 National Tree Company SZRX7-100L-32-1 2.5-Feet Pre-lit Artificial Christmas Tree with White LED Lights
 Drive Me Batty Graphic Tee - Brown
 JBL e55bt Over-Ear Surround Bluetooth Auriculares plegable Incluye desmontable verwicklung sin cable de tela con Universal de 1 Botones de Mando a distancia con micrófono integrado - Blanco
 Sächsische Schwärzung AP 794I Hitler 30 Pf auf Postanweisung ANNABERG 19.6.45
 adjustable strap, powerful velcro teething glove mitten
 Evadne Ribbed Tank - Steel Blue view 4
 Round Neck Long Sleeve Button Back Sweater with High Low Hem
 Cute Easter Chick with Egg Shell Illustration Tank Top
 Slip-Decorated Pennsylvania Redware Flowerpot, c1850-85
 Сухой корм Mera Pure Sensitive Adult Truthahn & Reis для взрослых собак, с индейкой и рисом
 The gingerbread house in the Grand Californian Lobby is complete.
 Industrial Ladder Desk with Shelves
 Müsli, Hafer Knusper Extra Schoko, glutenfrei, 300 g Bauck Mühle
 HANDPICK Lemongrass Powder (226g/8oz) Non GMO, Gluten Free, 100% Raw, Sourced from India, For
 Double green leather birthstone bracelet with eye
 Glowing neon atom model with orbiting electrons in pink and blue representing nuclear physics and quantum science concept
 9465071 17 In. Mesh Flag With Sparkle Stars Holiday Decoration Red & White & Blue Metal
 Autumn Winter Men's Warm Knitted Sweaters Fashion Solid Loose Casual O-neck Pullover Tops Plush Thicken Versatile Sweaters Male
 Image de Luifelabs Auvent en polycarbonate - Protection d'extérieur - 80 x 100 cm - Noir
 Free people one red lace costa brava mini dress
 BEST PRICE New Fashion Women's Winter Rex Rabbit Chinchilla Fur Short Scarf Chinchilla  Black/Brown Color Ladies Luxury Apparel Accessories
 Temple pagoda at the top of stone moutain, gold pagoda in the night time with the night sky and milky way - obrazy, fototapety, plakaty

◆ ◆ ◆

→ **Try it**:
An exact copy of the entries from the line containing "The gingerbread house" through the last line is the expected answer.

→ **Solution for this exercise**:
 The gingerbread house in the Grand Californian Lobby is complete.
 Industrial Ladder Desk with Shelves
 Müsli, Hafer Knusper Extra Schoko, glutenfrei, 300 g Bauck Mühle
 HANDPICK Lemongrass Powder (226g/8oz) Non GMO, Gluten Free, 100% Raw, Sourced from India, For
 Double green leather birthstone bracelet with eye
 Glowing neon atom model with orbiting electrons in pink and blue representing nuclear physics and quantum science concept
 9465071 17 In. Mesh Flag With Sparkle Stars Holiday Decoration Red & White & Blue Metal
 Autumn Winter Men's Warm Knitted Sweaters Fashion Solid Loose Casual O-neck Pullover Tops Plush Thicken Versatile Sweaters Male
 Image de Luifelabs Auvent en polycarbonate - Protection d'extérieur - 80 x 100 cm - Noir
 Free people one red lace costa brava mini dress
 BEST PRICE New Fashion Women's Winter Rex Rabbit Chinchilla Fur Short Scarf Chinchilla  Black/Brown Color Ladies Luxury Apparel Accessories
 Temple pagoda at the top of stone moutain, gold pagoda in the night time with the night sky and milky way - obrazy, fototapety, plakaty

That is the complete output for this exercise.